Throughout the lecture, Fraker emphasized the strategic significance of the U.S.-Saudi alliance and the public perception of the U.S. interest in oil. In terms of the size of the country, the kingdom “completely dwarfs other Gulf states.” Two bodies of water, the Red Sea and the Persian Gulf, through which 20 percent of the global oil supply passes, attract American strategic interest in the country. Despite informal acknowledgement, the U.S. security guarantee of the kingdom promises undisrupted global oil supply, as Saudi Arabia is the largest oil supplier in the world.
“Over the last 10 years, only [about] 11 percent of oil from the Middle East comes to the U.S.,” Fraker said. “We are not dependent on the Middle Eastern oil.”

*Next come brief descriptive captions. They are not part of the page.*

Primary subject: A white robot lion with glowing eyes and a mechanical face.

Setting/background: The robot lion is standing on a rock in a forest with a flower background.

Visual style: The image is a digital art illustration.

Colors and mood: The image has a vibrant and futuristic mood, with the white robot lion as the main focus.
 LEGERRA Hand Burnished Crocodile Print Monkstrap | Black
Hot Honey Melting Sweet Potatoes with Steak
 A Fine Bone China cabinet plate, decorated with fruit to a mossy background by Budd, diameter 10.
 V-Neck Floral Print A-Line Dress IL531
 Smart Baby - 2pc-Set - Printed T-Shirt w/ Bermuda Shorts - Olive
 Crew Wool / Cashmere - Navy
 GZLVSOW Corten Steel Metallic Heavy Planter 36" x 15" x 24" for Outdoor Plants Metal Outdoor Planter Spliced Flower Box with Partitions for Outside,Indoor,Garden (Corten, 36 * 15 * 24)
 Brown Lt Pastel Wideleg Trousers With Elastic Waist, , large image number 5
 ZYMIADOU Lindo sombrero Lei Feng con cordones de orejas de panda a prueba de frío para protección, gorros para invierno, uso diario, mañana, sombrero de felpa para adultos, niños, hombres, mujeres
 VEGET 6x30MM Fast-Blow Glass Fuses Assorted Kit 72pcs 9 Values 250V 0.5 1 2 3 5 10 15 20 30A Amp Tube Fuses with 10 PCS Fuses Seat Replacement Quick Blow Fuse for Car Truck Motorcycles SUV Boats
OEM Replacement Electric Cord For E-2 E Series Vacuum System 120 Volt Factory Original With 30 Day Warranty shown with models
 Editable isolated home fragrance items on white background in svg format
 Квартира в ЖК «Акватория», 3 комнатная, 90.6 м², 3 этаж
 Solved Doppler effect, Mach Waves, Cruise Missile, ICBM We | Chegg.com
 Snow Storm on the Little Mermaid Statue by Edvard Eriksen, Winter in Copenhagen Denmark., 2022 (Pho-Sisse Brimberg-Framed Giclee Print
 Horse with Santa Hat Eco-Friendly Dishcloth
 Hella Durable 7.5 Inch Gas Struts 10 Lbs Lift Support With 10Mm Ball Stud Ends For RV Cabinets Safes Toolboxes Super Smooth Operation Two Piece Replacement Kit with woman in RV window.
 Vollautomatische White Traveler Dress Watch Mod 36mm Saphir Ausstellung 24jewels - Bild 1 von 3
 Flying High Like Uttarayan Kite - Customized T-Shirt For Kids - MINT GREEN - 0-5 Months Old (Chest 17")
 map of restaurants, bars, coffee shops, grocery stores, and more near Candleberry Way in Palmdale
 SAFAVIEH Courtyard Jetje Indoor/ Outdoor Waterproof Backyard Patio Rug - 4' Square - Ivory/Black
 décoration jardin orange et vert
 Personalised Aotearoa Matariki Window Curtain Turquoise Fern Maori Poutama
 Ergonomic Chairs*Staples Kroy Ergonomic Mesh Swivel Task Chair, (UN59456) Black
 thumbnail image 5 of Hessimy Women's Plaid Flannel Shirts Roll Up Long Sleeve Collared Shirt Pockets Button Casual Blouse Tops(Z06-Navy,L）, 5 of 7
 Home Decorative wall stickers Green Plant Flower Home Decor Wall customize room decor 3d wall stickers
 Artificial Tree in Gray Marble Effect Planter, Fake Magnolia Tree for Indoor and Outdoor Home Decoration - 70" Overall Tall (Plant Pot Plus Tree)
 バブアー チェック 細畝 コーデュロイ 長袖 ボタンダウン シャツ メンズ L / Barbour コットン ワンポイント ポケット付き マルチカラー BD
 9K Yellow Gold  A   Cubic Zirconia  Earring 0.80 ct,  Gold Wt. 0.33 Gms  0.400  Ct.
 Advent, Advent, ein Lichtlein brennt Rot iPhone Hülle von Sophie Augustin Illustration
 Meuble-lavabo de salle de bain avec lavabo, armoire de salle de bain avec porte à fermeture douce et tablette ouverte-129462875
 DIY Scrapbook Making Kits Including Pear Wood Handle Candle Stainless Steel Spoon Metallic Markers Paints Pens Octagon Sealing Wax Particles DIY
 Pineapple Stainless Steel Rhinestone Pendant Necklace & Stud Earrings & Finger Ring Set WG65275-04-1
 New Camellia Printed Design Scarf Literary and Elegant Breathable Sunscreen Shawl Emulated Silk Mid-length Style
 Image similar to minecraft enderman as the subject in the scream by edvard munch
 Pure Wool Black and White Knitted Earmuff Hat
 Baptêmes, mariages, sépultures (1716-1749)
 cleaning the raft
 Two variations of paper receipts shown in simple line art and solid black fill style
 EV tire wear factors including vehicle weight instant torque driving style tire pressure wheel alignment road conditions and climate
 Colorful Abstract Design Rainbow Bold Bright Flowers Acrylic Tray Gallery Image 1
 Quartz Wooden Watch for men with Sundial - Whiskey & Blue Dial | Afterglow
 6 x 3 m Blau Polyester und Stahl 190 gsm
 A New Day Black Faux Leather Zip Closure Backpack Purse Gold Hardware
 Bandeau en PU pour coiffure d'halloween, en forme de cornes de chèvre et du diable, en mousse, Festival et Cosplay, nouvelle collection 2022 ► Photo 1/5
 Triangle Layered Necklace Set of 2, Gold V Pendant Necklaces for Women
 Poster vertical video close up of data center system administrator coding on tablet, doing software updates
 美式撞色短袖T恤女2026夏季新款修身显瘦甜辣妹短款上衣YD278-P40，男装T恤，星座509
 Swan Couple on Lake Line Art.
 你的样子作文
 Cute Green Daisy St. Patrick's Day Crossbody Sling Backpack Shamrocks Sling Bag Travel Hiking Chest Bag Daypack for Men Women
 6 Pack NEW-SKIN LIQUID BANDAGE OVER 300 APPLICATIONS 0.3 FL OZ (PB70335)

More importantly, he emphasized that the U.S. security guarantee in Saudi Arabia is to secure the oil supply into the international markets, answering a question about the possible policy change in the region after the U.S. discovery of the large domestic shale gas reserves.
In fact, he alluded to his support for hard power policy in the region when dealing with countries like Iran.
“The only time in [its] last 10 years or so that Iran raised [its] hands and said that they wanted to talk to us was in 2003 when we invaded Iraq,” Fraker said. “They thought we’re going to the other side and invade Iran as well. These are the hard realities of what works and doesn’t work in that part of the world.” Although he admitted the conflict-deterrent effect of the U.S. military presence in the region, he didn’t necessarily support any military action that could destabilize the regional peace and the global oil price.
Talking about the domestic situation in Saudi Arabia, he expressed his specific concern about the structural unemployment. His concern largely comes from the ratio of limited job opportunities to the largely growing intelligent “youth bulge.”
Currently, there are 70,000 Saudi Arabians studying at advanced American institutions. These students have extended their education to M.A.s and Ph.D.s because there are no jobs in Saudi Arabia. Nonetheless, Fraker said such a large number is a temporary policy result while the king is reforming the education system for the long-term. Although Abdullah has shown efforts to reform, Fraker expressed skepticism because educational reform in the long-term could eventually destabilize the leadership of the country.